__Problem__:
I would like the lines below, from the one with "แดงมะนาวโซดา" through the one with "DAZZLER closeups 04", copied exactly and without any pictures.

__Data extract__:
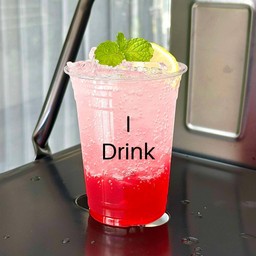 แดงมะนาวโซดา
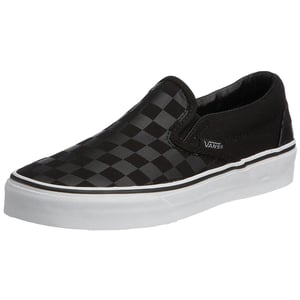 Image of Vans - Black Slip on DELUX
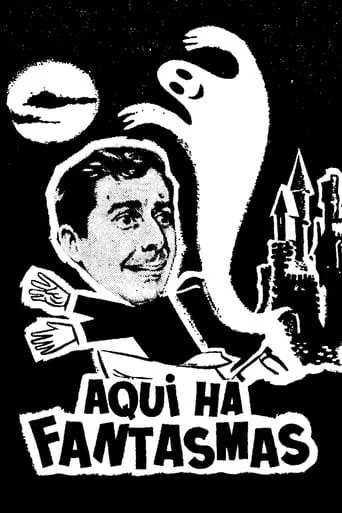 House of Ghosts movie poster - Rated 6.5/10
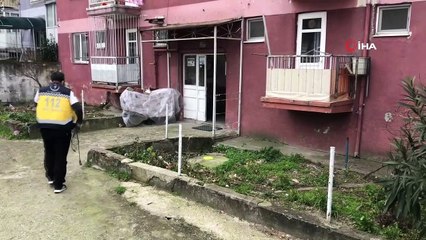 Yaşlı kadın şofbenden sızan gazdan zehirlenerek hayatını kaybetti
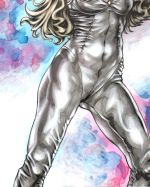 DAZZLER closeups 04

...

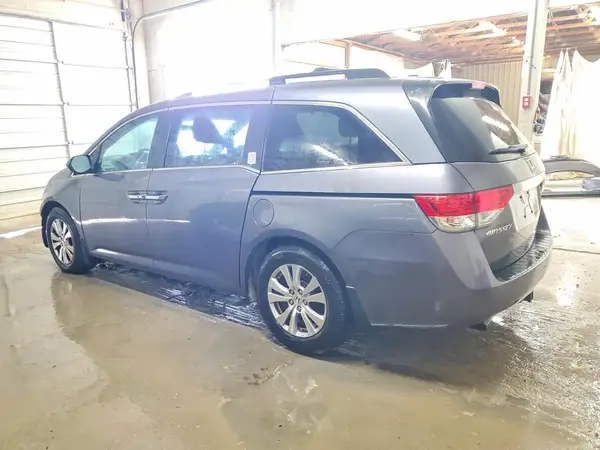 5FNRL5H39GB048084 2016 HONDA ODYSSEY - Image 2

__Exercise output__:
 แดงมะนาวโซดา
 Image of Vans - Black Slip on DELUX
 House of Ghosts movie poster - Rated 6.5/10
 Yaşlı kadın şofbenden sızan gazdan zehirlenerek hayatını kaybetti
 DAZZLER closeups 04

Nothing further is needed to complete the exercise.